(Beginning of Data provided)
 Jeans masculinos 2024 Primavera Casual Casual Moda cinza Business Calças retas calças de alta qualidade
(End of Data provided)
(Beginning of Data provided)
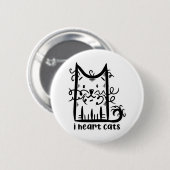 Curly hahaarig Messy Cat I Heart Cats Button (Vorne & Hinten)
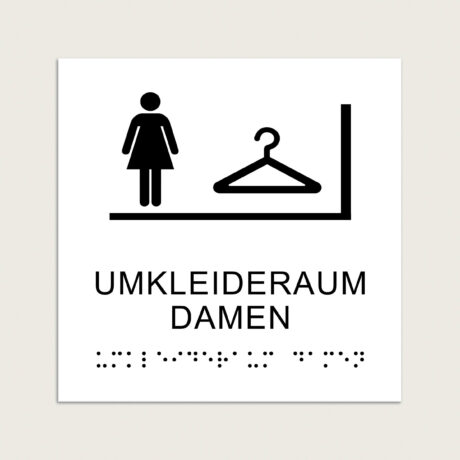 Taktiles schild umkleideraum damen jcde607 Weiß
(End of Data provided)
● Task details:
Reproduce exactly, with no pictures, the lines above from the one holding "Curly hahaarig Messy" to the one holding "Taktiles schild umkleideraum", inclusive.

● Written answer:
 Curly hahaarig Messy Cat I Heart Cats Button (Vorne & Hinten)
 Taktiles schild umkleideraum damen jcde607 Weiß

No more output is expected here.